A reappraising history of the women artist Pablo Picasso shared his life with, Hidden Portraits reveals the remarkable lives of Fernande Olivier, Olga Khokhlova, Marie-Therese Walter, Dora Maar, Francoise Gilot and Jacqueline Roque.
The book is set to launch with an event at The London Library on 3 April. Sue will join Sue Prideaux, biographer of Paul Gauguin, in conversation with art historian and educator Dr Ben Street.

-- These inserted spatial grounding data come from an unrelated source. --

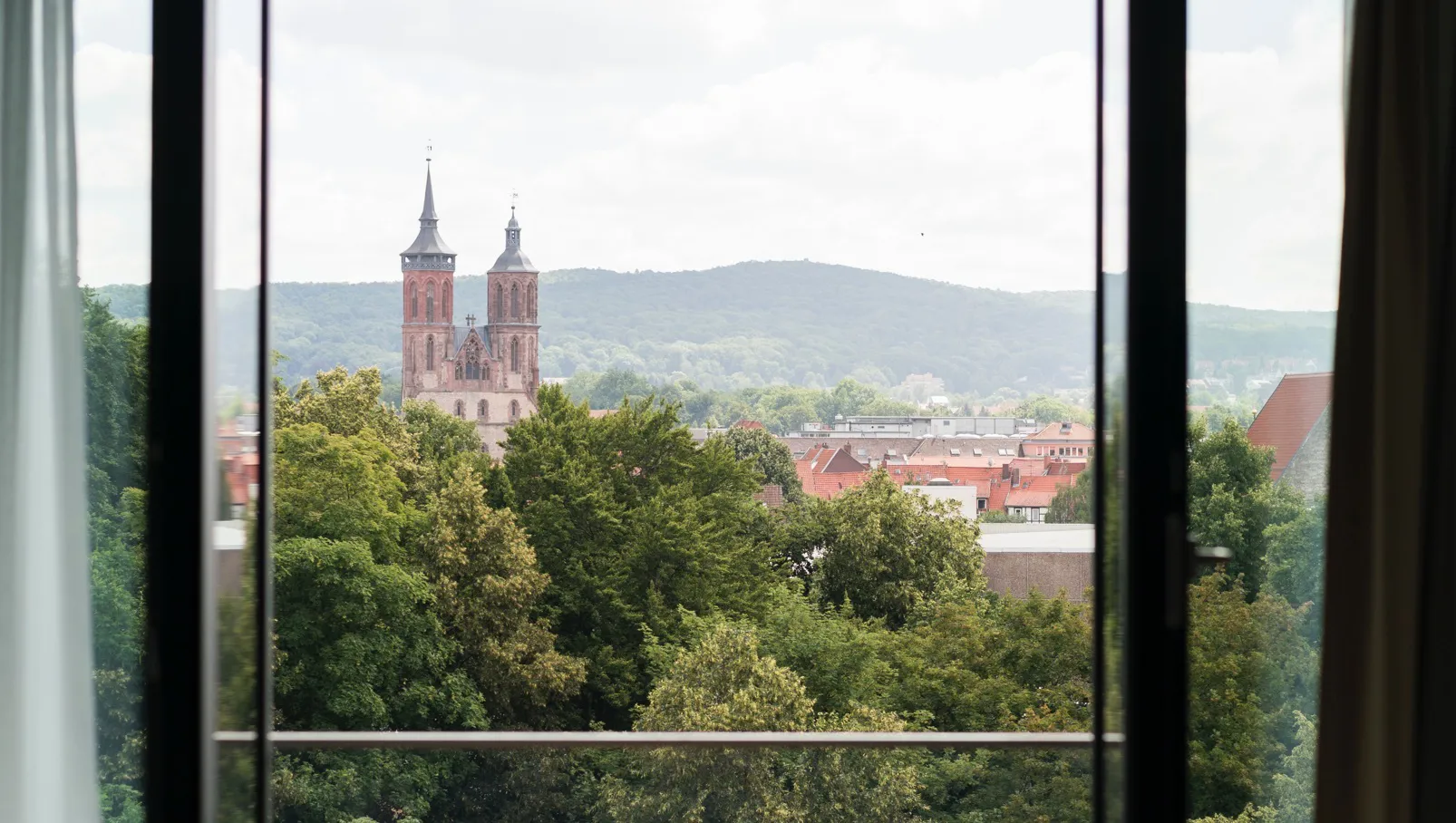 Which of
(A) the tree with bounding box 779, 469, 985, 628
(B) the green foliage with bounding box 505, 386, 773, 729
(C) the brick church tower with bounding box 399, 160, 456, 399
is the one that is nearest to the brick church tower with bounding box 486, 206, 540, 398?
(C) the brick church tower with bounding box 399, 160, 456, 399

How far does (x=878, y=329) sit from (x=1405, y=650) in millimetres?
18078

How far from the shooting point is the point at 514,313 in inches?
802

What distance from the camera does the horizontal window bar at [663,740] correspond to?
1.83 meters

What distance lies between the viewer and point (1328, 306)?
42.2 inches

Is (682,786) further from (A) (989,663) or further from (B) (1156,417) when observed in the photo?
(B) (1156,417)

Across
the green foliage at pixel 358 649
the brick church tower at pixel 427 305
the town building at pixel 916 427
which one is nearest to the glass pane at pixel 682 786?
the green foliage at pixel 358 649

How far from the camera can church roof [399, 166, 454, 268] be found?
62.8 feet

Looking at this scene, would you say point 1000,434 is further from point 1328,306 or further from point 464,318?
point 1328,306

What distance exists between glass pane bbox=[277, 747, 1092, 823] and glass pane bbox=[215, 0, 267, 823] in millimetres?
9540

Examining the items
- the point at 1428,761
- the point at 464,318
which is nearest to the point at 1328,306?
the point at 1428,761

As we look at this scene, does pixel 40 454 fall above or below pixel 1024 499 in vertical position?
above

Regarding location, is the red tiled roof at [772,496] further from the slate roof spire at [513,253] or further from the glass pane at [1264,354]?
the glass pane at [1264,354]

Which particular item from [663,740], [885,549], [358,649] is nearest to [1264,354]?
[663,740]

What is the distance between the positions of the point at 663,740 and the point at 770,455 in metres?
15.9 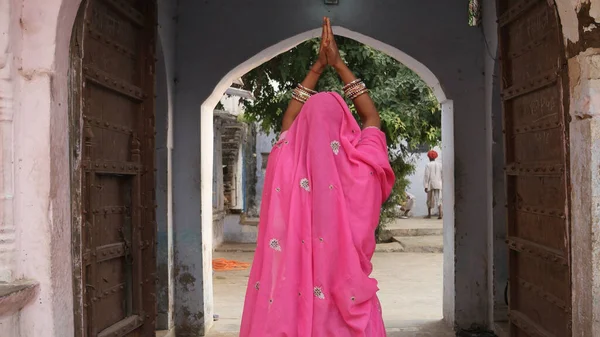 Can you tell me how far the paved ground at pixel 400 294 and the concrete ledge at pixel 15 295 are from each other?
10.0 feet

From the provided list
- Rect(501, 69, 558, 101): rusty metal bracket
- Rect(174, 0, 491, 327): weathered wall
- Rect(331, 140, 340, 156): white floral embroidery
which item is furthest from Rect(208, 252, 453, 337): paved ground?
Rect(331, 140, 340, 156): white floral embroidery

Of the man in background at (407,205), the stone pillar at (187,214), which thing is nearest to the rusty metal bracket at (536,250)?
the stone pillar at (187,214)

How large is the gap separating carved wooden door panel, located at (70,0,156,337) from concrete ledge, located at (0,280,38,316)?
0.88 ft

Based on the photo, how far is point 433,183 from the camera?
17.8m

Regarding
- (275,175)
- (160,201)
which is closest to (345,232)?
(275,175)

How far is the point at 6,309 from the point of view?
2693 millimetres

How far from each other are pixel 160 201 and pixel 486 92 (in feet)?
9.51

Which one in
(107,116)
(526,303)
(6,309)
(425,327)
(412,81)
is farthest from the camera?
(412,81)

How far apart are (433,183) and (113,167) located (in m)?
14.9

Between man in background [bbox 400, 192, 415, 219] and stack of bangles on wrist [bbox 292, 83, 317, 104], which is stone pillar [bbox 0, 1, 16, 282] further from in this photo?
man in background [bbox 400, 192, 415, 219]

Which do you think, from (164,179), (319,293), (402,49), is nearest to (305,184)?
(319,293)

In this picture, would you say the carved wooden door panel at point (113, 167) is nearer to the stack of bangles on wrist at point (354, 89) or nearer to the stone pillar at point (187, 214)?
the stack of bangles on wrist at point (354, 89)

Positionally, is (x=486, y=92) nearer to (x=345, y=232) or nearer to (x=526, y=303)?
(x=526, y=303)

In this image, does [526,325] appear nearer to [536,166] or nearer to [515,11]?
[536,166] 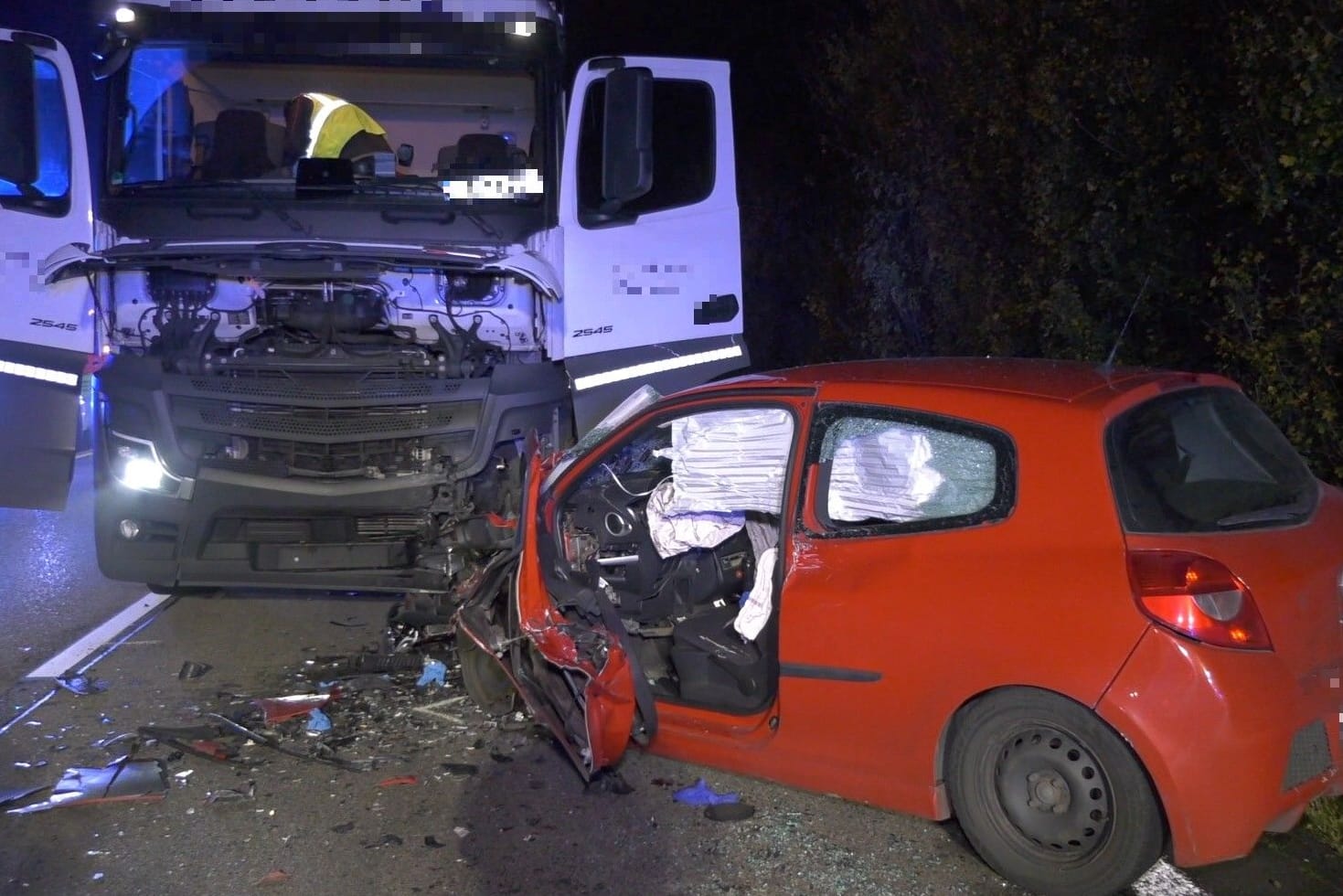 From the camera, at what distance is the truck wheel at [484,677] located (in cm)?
529

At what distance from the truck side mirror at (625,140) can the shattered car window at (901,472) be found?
108 inches

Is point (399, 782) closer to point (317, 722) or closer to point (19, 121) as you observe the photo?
point (317, 722)

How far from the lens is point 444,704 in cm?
555

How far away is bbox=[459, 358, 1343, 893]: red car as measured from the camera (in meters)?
3.50

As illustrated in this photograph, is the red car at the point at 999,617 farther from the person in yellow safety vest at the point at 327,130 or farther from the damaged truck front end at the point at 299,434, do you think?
the person in yellow safety vest at the point at 327,130

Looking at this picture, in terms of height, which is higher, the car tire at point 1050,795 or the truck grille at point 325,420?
the truck grille at point 325,420

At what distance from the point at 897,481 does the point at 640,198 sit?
11.1ft

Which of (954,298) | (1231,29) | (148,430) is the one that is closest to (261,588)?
(148,430)

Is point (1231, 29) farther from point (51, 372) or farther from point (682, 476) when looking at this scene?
point (51, 372)

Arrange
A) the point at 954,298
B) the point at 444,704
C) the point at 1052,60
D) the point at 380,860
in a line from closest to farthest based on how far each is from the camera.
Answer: the point at 380,860 < the point at 444,704 < the point at 1052,60 < the point at 954,298

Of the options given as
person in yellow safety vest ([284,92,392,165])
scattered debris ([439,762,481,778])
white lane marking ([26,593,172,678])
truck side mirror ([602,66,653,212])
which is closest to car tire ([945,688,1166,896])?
scattered debris ([439,762,481,778])

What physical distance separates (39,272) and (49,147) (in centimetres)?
72

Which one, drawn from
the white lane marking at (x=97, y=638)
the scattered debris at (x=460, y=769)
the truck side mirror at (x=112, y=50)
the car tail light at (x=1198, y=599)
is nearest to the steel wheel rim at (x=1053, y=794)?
the car tail light at (x=1198, y=599)

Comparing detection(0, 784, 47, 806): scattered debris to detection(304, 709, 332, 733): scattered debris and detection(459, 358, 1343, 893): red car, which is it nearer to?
detection(304, 709, 332, 733): scattered debris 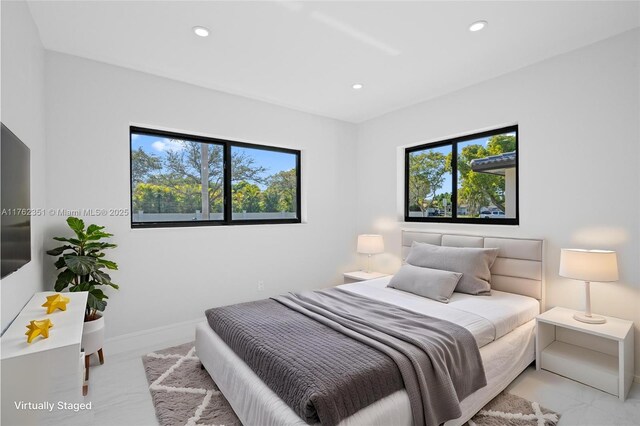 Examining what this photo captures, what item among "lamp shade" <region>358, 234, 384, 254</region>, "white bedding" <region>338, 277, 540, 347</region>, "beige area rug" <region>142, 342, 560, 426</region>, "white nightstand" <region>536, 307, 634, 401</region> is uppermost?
"lamp shade" <region>358, 234, 384, 254</region>

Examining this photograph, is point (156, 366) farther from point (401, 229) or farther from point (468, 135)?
point (468, 135)

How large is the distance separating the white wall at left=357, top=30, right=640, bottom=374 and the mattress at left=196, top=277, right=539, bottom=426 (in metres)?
0.59

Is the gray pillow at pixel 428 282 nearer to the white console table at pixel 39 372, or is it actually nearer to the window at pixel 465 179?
the window at pixel 465 179

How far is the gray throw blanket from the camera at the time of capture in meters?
1.49

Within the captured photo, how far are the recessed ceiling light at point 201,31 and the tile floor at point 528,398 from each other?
260cm

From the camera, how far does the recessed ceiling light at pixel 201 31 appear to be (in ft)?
7.91

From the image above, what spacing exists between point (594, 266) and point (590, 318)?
1.40ft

More here.
Kapka Kassabova’s Anima: A Wild Pastoral has been published in paperback by Penguin.
A gripping portrayal of human-animal interdependence, Anima follows Kassabova’s time with the last moving pastoralists in Europe, as this small community of herders move sheep across the Balkan region during the course of one intense summer.
The Guardian described it as “creative non-fiction at its best.”
Wren James‘ duology of novellas, The Starlight Watchmaker and The Deep-Sea Duke, are set to be published in the USA by Hachette/Union Square & Co this April.
In The Starlight Watchmaker, android Hugo works as a watchmaker in the dusty attic room of an elite academy for the galaxy’s wealthiest students. Many androids like him are without jobs or homes, which is the kind of struggle a privileged student like Dorian could never understand. But when Hugo and Dorian uncover a potential terrorist threat, they must work together to track down the culprit.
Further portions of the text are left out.